Date of Award

Spring 2014

Document Type

Dissertation

Degree Name

Doctor of Philosophy (PhD)

Department

Theology

First Advisor

Carey, Patrick W.

Second Advisor

Lehner, Ulrich L.

Third Advisor

Avella, Steven M.

Abstract

Historians and theologians commonly overlook how the Benedictine revival of the nineteenth century arose not only in Europe but also in the United States. Monks from Bavaria and Switzerland looked to America as a providential setting for restoring the Benedictine Order to its original glory through missionary activity. As missionaries, their vision manifested a reinterpretation of the Benedictine tradition and its principle of stability. Embodying this vision was the life and thought of Martin Marty (1834-1896), a Swiss-Benedictine monk who became the first abbot of St. Meinrad Abbey in Indiana and later a missionary and bishop in Dakota Territory. Despite his famous interaction with Sitting Bull (ca. 1831-1890), few historians have explored how Marty influenced the development of Benedictine missionary activity in the United States.
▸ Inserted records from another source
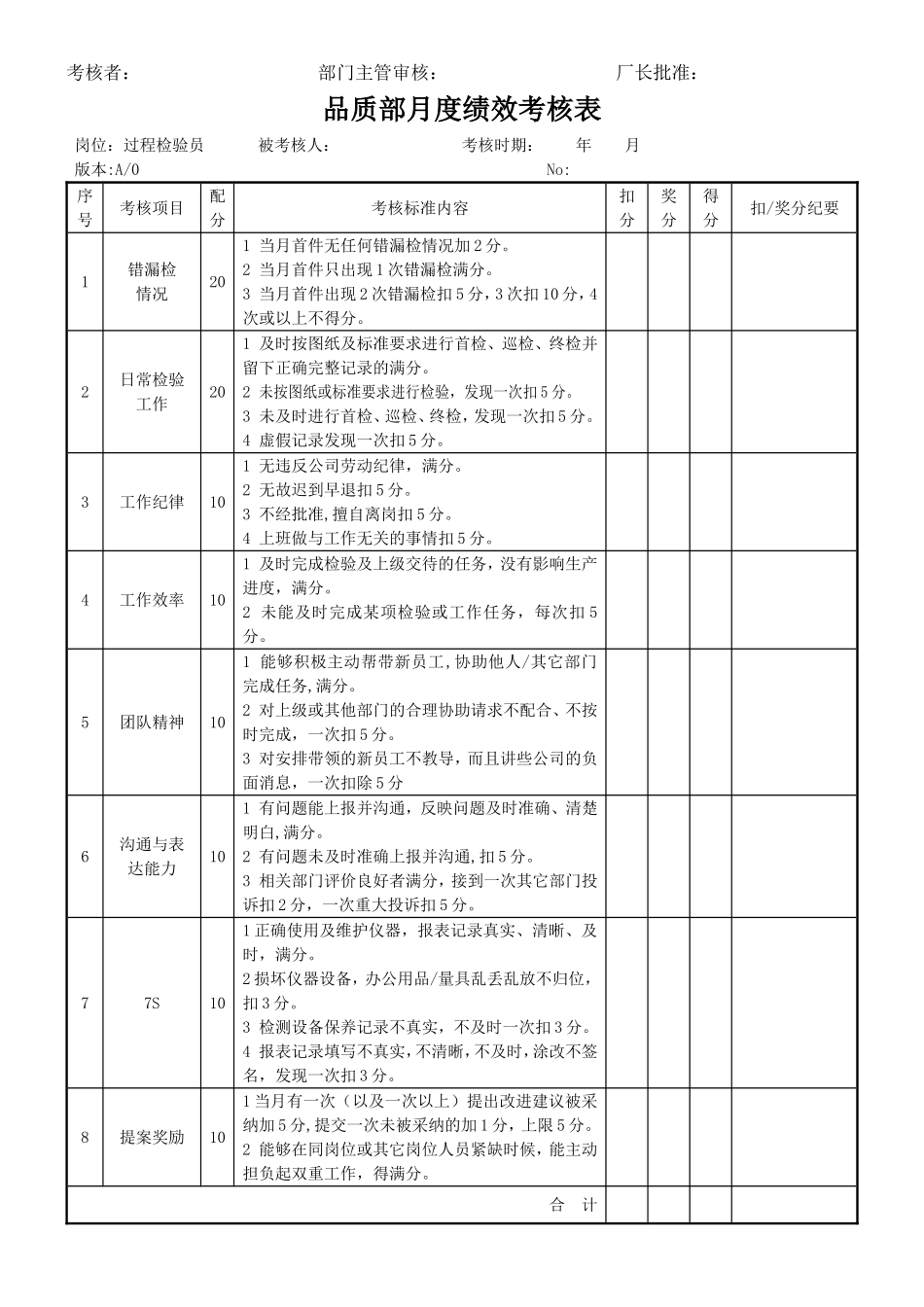 品质部检验员考核表_第2页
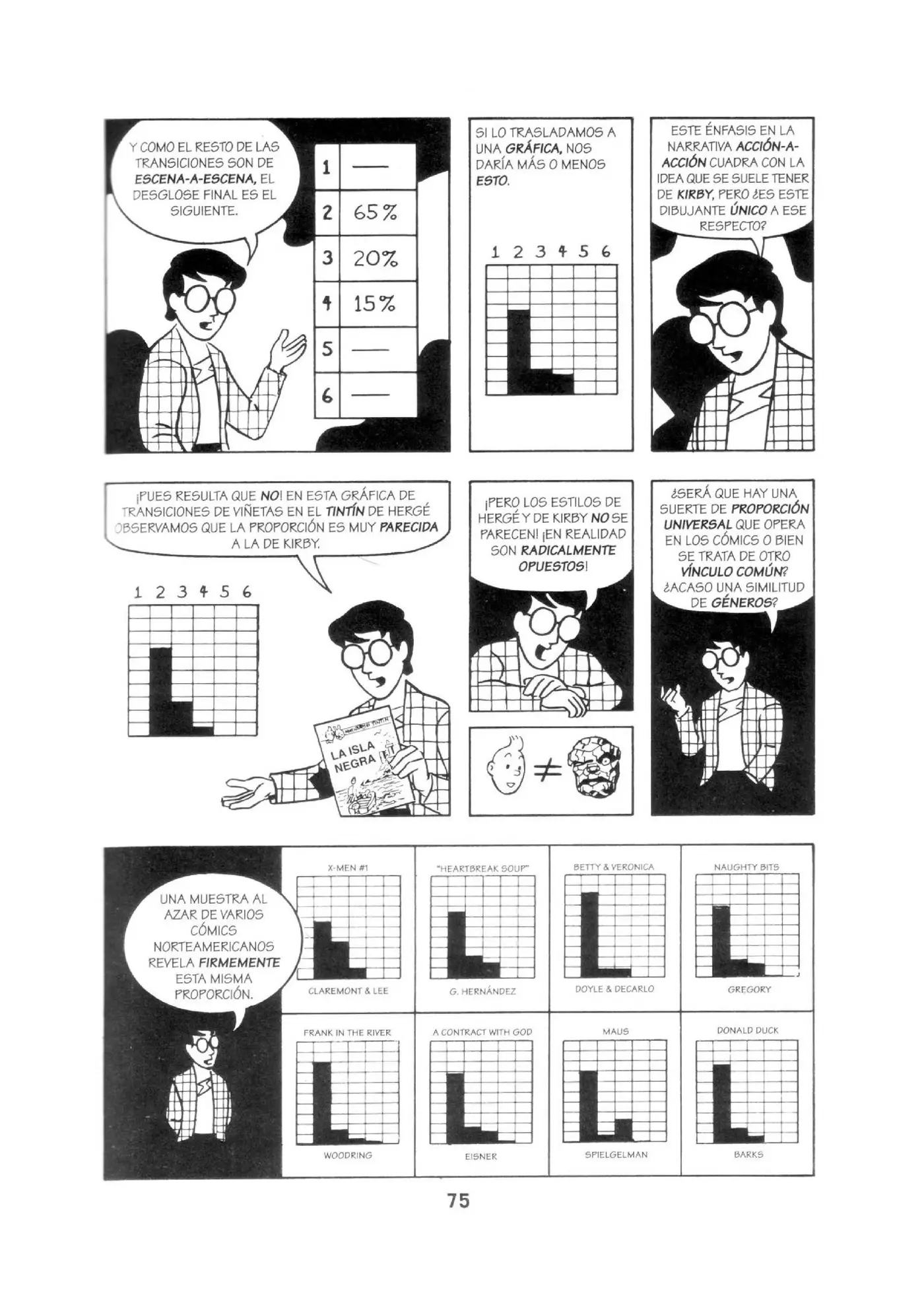 como hacer un comic o manga (1995) - Capítulo 4 - Página 8 - LectorTMOo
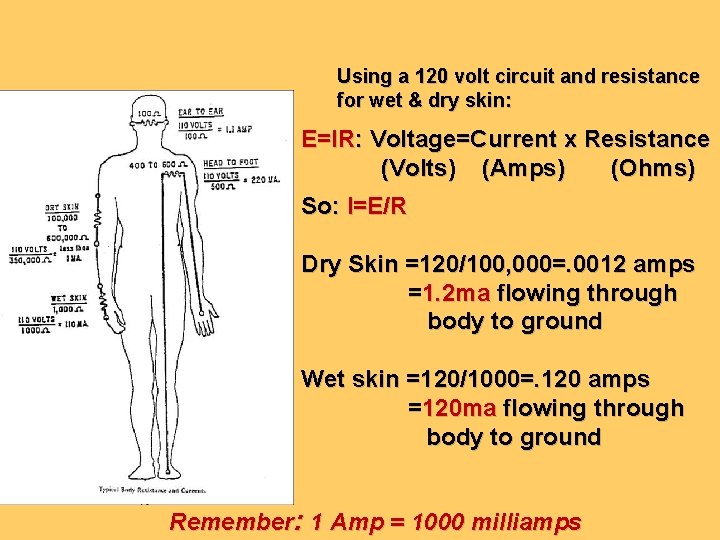 Using a 120 volt circuit and resistance for wet & dry skin: E=IR: Voltage=Current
The present dissertation reconstructs and analyzes Marty's life and thought through a distinctly theological lens. This study poses a theological question with ecclesiological and missiological consequences: how does Marty the Benedictine monk become Marty the itinerant missionary? It argues that Marty's vision for Benedictine evangelization in America transforms the Rule's principle of stabilitas in congregatione, "stability in community," into an original missionary paradigm of ora et labora, "prayer and work." The study demonstrates the development of this vision through three stages of Marty's monastic vocation. During his monastic formation (1834-1860), Marty combines old and new elements of Einsiedeln's Swiss-Benedictine tradition to create a vision of the monastery as a spiritual family educating and unifying Catholics. As the administrator and prior of St. Meinrad in Indiana (1860-1870), Marty applies this "familial imagination" to the community's monastic life, school, and missionary work. He further advances the Benedictine principle of stability (stabilitas) as an agent of lasting evangelization through the education and unity of the local ecclesial community (congregatio). Finally, through his reform agenda as abbot (1870-1880), Marty transforms his vision of stability in the community into a missionary model of prayer and work designed to educate the indigenous faithful and to unify monastic and ecclesial families.